FAS Workshop 2025

FAS Workshop 2025

At the 2025 FAS workshop, which took place in Kloster Irsee, the MRT and its partners FZI, Cariad, and Stellantis contributed with the following papers:

  • Kaiwen Wang, Martin Lauer, and Christoph Stiller: "Adversarial Defense Teacher for Cross-Domain Object Detection under Poor Visibility Conditions", Open Access.
    This paper proposes a teacher-student framework that uses adversarial attacks and a Zoom-in Zoom-out strategy to improve cross-domain object detection under poor visibility, achieving state-of-the-art performance on multiple benchmarks.

  • Thorsten Herd (Stellantis), Philipp Heidenreich (Stellantis), and Christoph Stiller: "Modified BEVFormer Architecture with Multiscale Cross-Attention", Open Access.
    This paper improves BEVFormer for 3D object detection by introducing a multiscale cross-attention mechanism and a layer-wise upscaling of BEV grid features aligned with image resolutions. The enhancements lead to better performance with lower computational cost and reduced risk of overfitting, contributing to more efficient and reliable automated driving systems.

  • Fabian Immel (FZI), Richard Fehler (FZI), Frank Bieder (FZI), and Christoph Stiller: "Generation of Training Data from HD Maps in the Lanelet2 Framework", Open Access.
    This paper introduces lanelet2_ml_converter, an extension to the Lanelet2 HD map framework that enables unified support for automated driving, machine learning training, and real-time inference using a single map data format. It addresses the lack of a standardized system by providing label generation capabilities and demonstrating usability in map perception tasks.

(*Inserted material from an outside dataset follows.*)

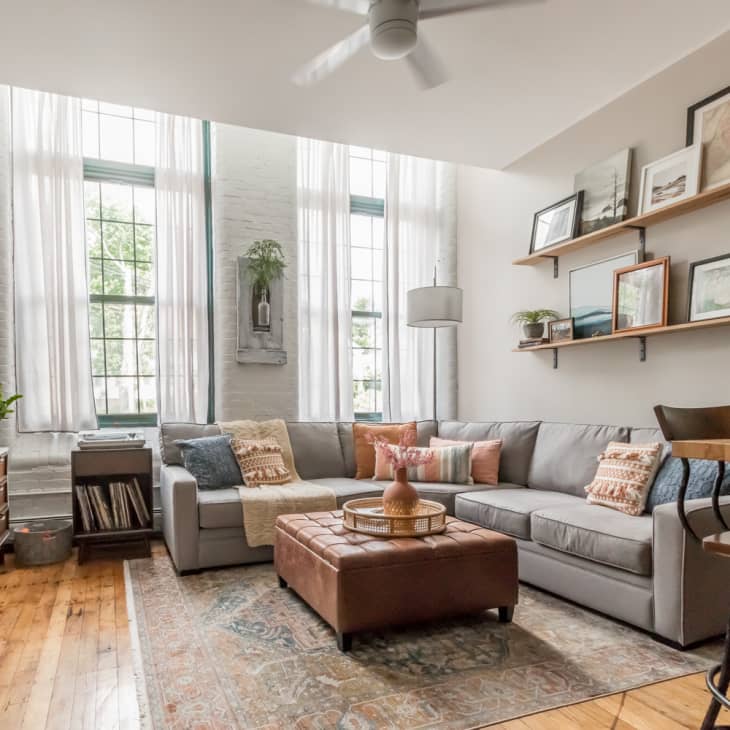 Living room with large windows, big TV, gray sectional, leather ottoman, and vintage rug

  • Fabian Konstantinidis (Cariad), Moritz Sackmann (Cariad), Ulrich Hofmann (Cariad), Christoph Stiller: "Conditional Prediction by Simulation for Automated Driving", Open Access, Project Page.
    This work presents a prediction model for automated driving that captures conditional dependencies between vehicle trajectories to enable cooperative planning. Using a realistic behavior model trained with Adversarial Inverse Reinforcement Learning, it simulates traffic participants and dynamically adapts predictions based on candidate trajectories for the automated vehicle.